Côté français justement, on s'abstient de trop commenter l'affaire. Interrogé, Bruno Retailleau a évoqué "peut-être" un "acte d'ingérence étrangère", et le préfet de police de Paris Laurent Nuñez a assuré sur Europe 1/CNews que les investigations avaient été menées "de manière extrêmement rigoureuse".

"Il n'y a pas d'instruction politique reçue par les effectifs de police, en l'occurrence, les miens, sous l'autorité de la justice", a déclaré Laurent Nuñez. "Il est normal que la justice aille à son terme et arrête les auteurs présumés de cette séquestration".

• Récent réchauffement des relations franco-algériennes

Le détention de l'agent consulaire et les protestations d'Alger interviennent une semaine à peine après la visite dans la capitale algérienne du ministre des Affaires étrangères français. À l'issue d'entretiens avec son homologue Ahmed Attaf et avec le président algérien Abdelmadjid Tebboune, Jean-Noël Barrot, avait annoncé une "nouvelle phase" des relations franco-algériennes, qui s'étaient récemment dégradées.

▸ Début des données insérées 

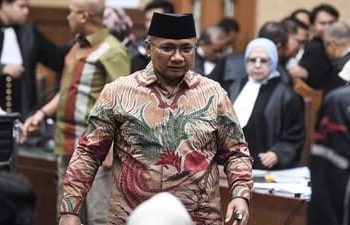 Mantan Menteri Agama RI periode 2019-2024 Yaqut Cholil Qoumas dalam sidang kasus dugaan korupsi kuota haji tambahsn. (Foto/Muhammad Adimaja).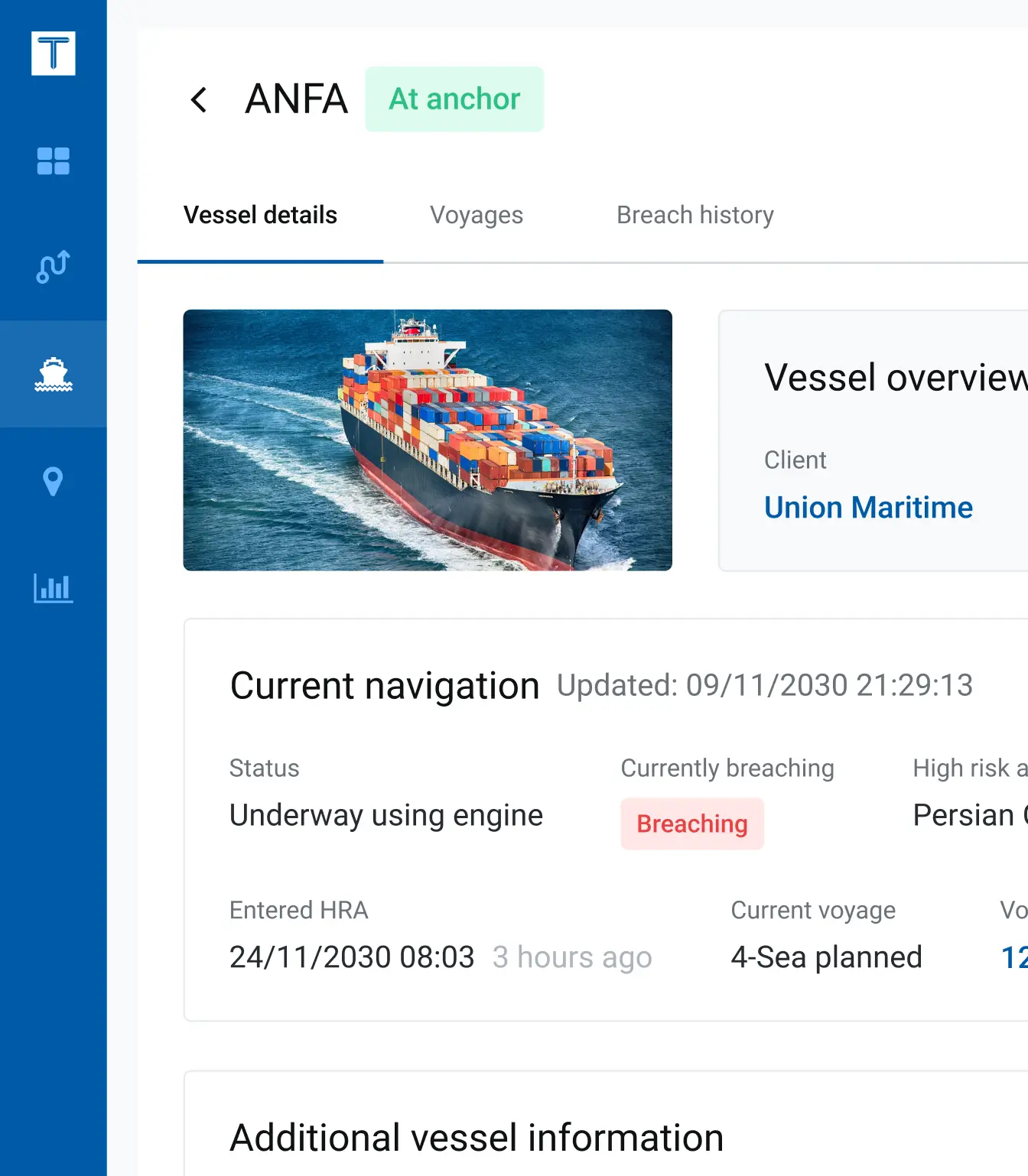 Ship information page from Tysers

Quelques jours auparavant, le président français Emmanuel Macron et Abdelmadjid Tebboune avaient déjà acté la fin de mois de crise d'une rare intensité, qui avait conduit les deux pays au bord de la rupture diplomatique. En cause, le revirement français sur le Sahara occidental, ou encore la détention de l'écrivain franco-algérien Boualem Sansal.